They put Katie Hopkins on the show without telling me. And I used to flip out at some of these ludicrous people they'd book. And I said, why? And they said, oh, well, she's, there was one of the, because we always debated three subjects and one of the subjects was Syria and she said well she was in the army briefly and I went okay so she so she in theory has got something to comment on that as well as
the immigration issue so I thought I'll find we'll give it a go and she had nothing of interest or
use to say about the military in Syria nothing whatsoever and I had been I was entirely right
we should never have booked her um so I think there was this problem with I mean that was my
one experience of working
regularly on your show where they were guest booking to try and stir up controversy they
regularly book christian homophobes like people who genuinely homosexuality was you know unnatural
and i thought why are we putting these people on air in this way it was sunday morning slots it's
nominally a religion slot i'm not sure this is helpful to christianity you know to be
picking these people to represent that religion i don't know so it was my one experience presenting
a kind of i wouldn't say it's prime time but it was a bbc one show we inherited you know a million
viewers from the andrew marshall because that was the time slot i did it for two years you know so
in terms of guest booking and how we even used to rewrite the scripts that they would they expect me
to voice i said i'm not saying this.
This isn't fact-checked.
Or this is really extreme.
And I was worried about why they weren't applying proper journalistic standards to BBC content.

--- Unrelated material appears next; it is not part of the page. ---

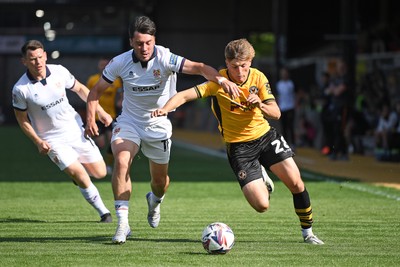 030525 - Newport County v Tranmere Rovers - Sky Bet League 2 - Tom Davies of Newport County is challenged by Josh Hawkes of Tranmere Rovers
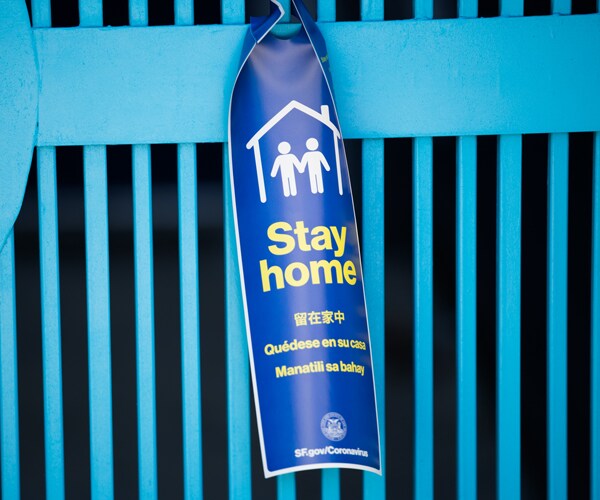 a sign in San Francisco urging people to stay home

But it wasn't being made by journalists on the whole.
There were some terrific producers on it, I should say.
And I made some really good friends, actually, as a result.
People who came on as guests on that show.
Right.
And, you know, people that I admired, like Jermaine Greer came on.
Anne Leslie, the veteran Fleet Street correspondent, came on.
You know, I loved hearing views I didn't necessarily agree with.
But it was about not just trying to get provocation for the sake of it.
Yeah, yeah, yeah.
Anne Leslie told a great story in the aftermath of the Jimmy
Savile scandal. I met her in the green room at Newsnight. She said, when she was a young reporter,
you know, and men used to just grope you. It wasn't even like they'd ask you or they'd make
flirty comments. They would just stick a hand on you. And she said she remembered having to
stub her cigarette out on a man's hand as he was trying to push it up her leg. Isn't that amazing?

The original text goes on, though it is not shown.